Task brief -
What you write should be an exact repeat of the lines from the one with "10 Dolphin Road, Key" through the final line below, minus the pictures.

Data extract -
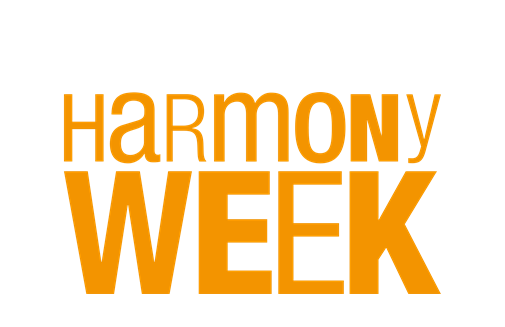 Harmony Week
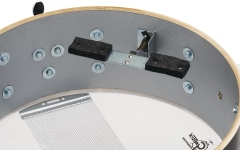 Snare drum Gretsch USA Brooklyn Standard 14" x 5,5"  GAS5514-ST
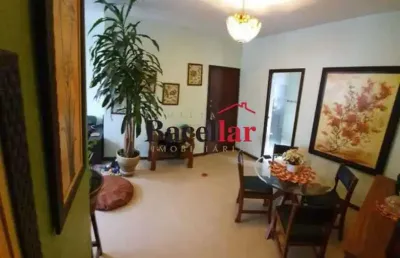 Apartamento com 2 quartos à venda na rua barão da torre, ipanema, rio de janeiro, 88 m2 por r$ 1.579.000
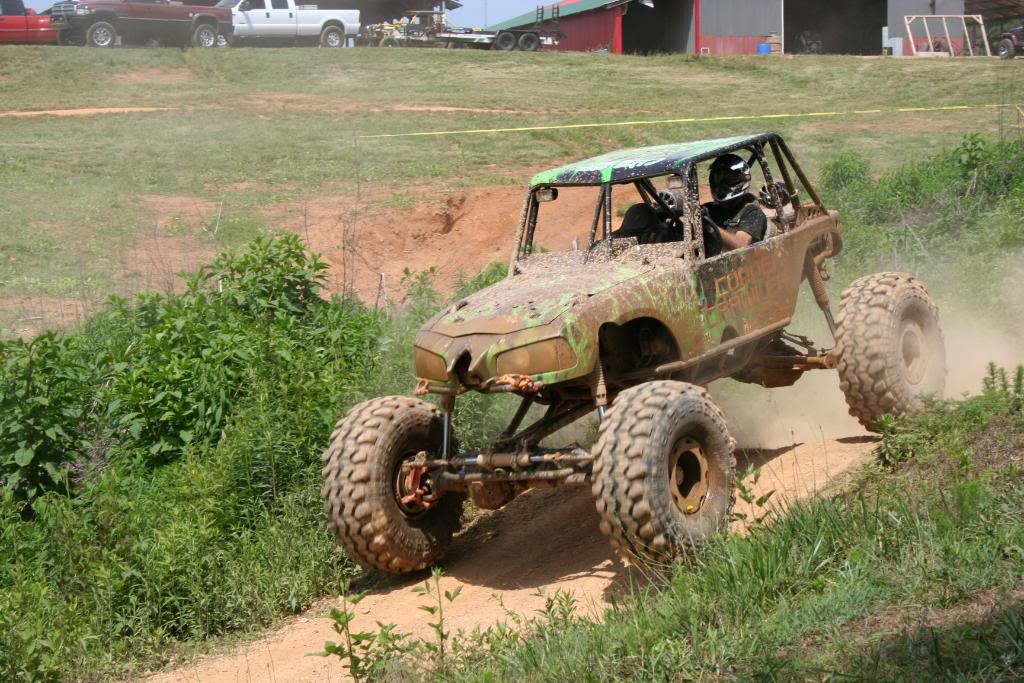 ai1222.photobucket.com_albums_dd489_mcutler1_copper_20crawler_20buggy_mayjam131.jpg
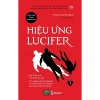 Sách Combo Hiệu Ứng Lucifer - Giá 104.500 VND, ưu đãi giảm mạnh, sách hấp dẫn cho fan 2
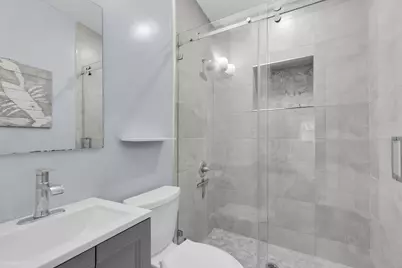 10 Dolphin Road, Key Largo, FL 33037 - Photo 21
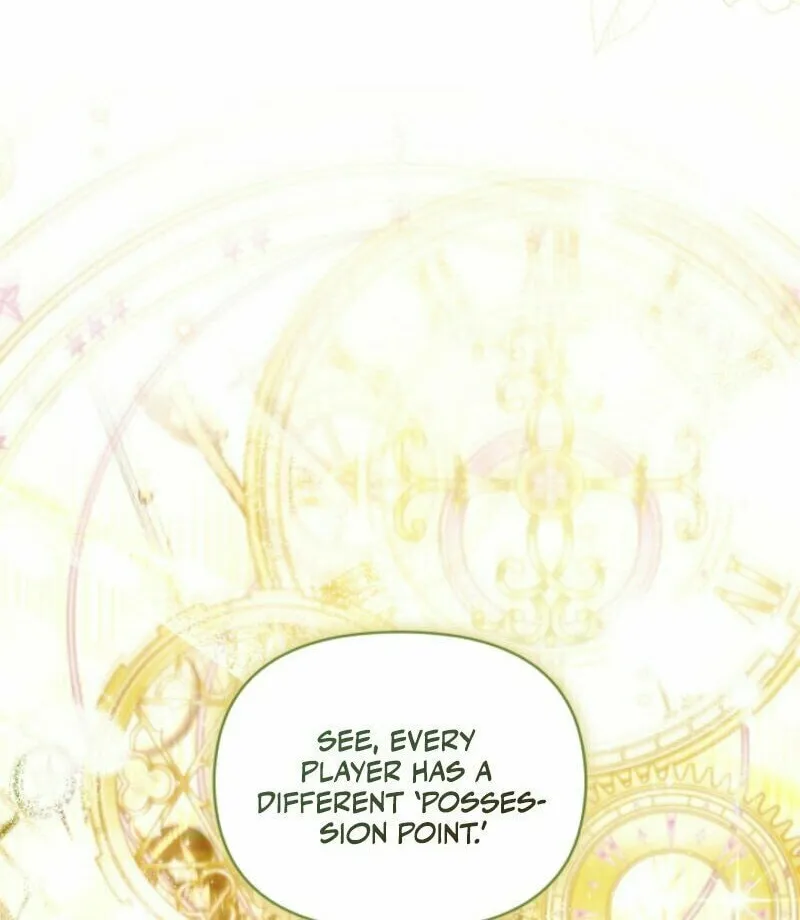 The Top 100 Young Lady Chapter 5 page 28 -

Solved exercise -
 10 Dolphin Road, Key Largo, FL 33037 - Photo 21
 The Top 100 Young Lady Chapter 5 page 28 -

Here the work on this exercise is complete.